I want to create a RLHF backend/frontend for labelling<=>training<=>correcting error loop.

HumanSignal / label-studio-ml-backend

Configs and boilerplates for Label Studio's Machine Learning backend

Apache License 2.0

473 stars 219 forks source link

I want to create a RLHF backend/frontend for labelling<=>training<=>correcting error loop. #233

Open hemangjoshi37a opened 1 year ago

hemangjoshi37a commented 1 year ago

If anyone has any lead on this please let me know. also anyone want to collaborate on this direction please let me know.

makseq commented 1 year ago

Have you checked active learning?

https://docs.heartex.com/guide/active_learning.html

https://www.youtube.com/watch?v=8EO4vOw1MZc

hemangjoshi37a commented 1 year ago

@makseq While active learning is good but RLHF is quite different than that becuase it implements Reignforcement Learning for optimization of the model. All in all if you know what is RLHF it is quite different than active learning.
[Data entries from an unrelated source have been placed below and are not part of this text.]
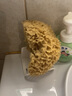 卡琳玛诺希腊进口天然蜂窝海绵洗澡沐浴球搓澡海绵起泡泡浴花球搓泥搓澡巾 原生态甄选A级希腊原产地 蜂窝海绵17-18cm（特大号洗澡） 实拍图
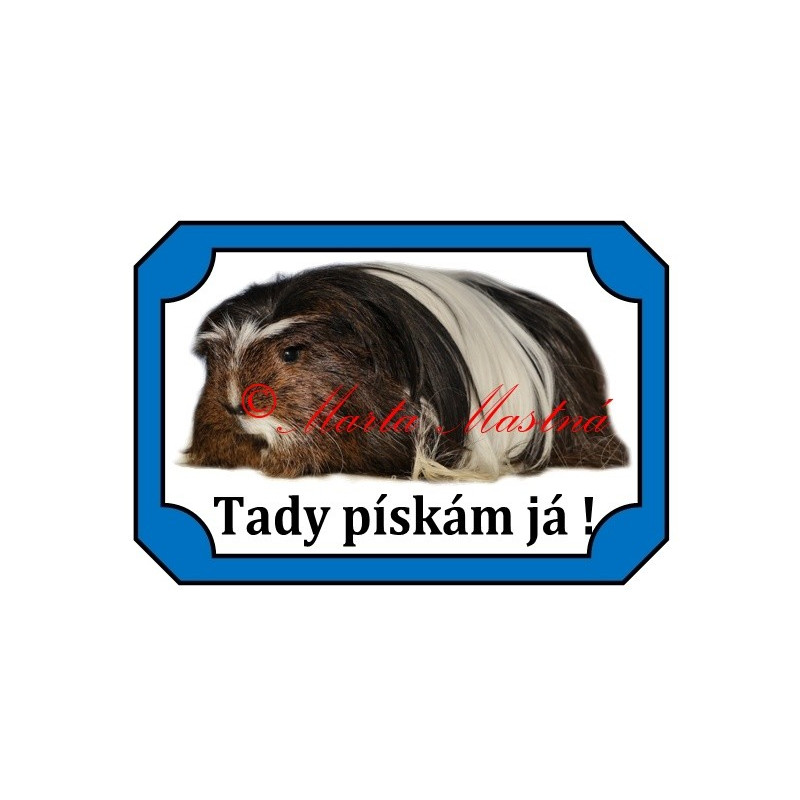 Tabulka morče koronet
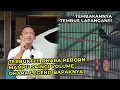 Download Lagu Murai  Batu Ohara Reborn Mampu Saingi Prestasi Murai Batu Ohara Legend 3M?
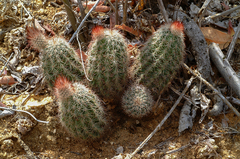 Echinocereus sciurus
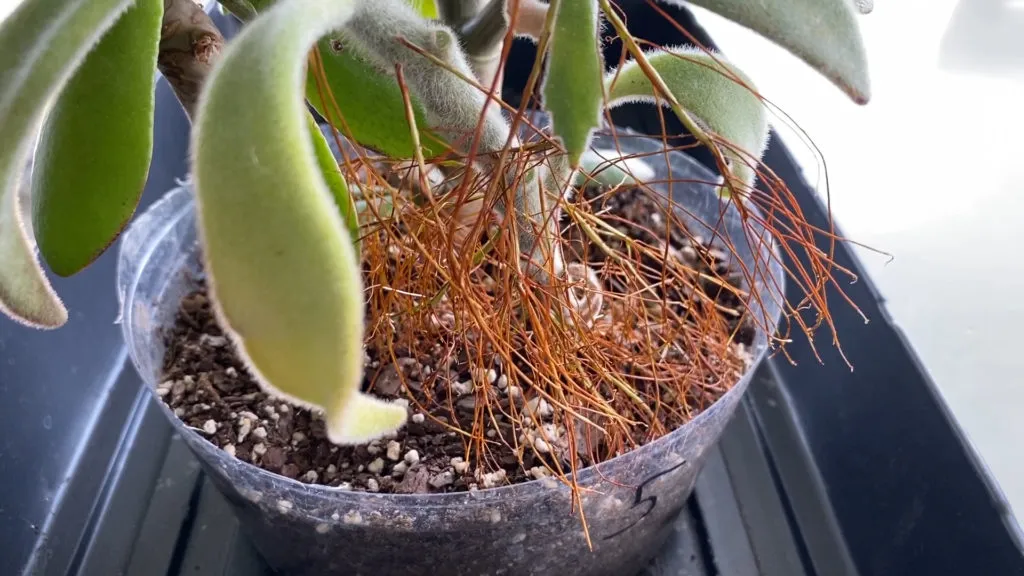 ریشه های هوایی ساکولنت هاAerial roots of succulents مجموعه تولیدی سیدوس ,تولید کننده گلدان پلاستیکی سیدوس ,بیش از 120نوع, اعم از گلدان استوانه ای پلاستیکی سیدوس,گلدان الماسی پلاستیکی سیدوس,گلدان مربعی پلاستیکی,گلدان مثلثی پلاستیکی,گلدان گرد پلاستیکی ,باکس مستطیلی,در اندازه های کاکتوسی تا درختچه ای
makseq commented 1 year ago

Yes, I know, but I expect to see your workflow in LS to achieve it. Seems you need Accept/Reject actions for your annotations? or ranking?

hemangjoshi37a commented 1 year ago

Yes the RLHF can be done in multiple ways. You can have yes no type or ranking type.

hemangjoshi37a commented 1 year ago

Basically what I propose is the have a generalized RLHF model that goes at the output side of any model and instead of having supervised training we can have unsupervised training that can be supervised by the reinforcement model.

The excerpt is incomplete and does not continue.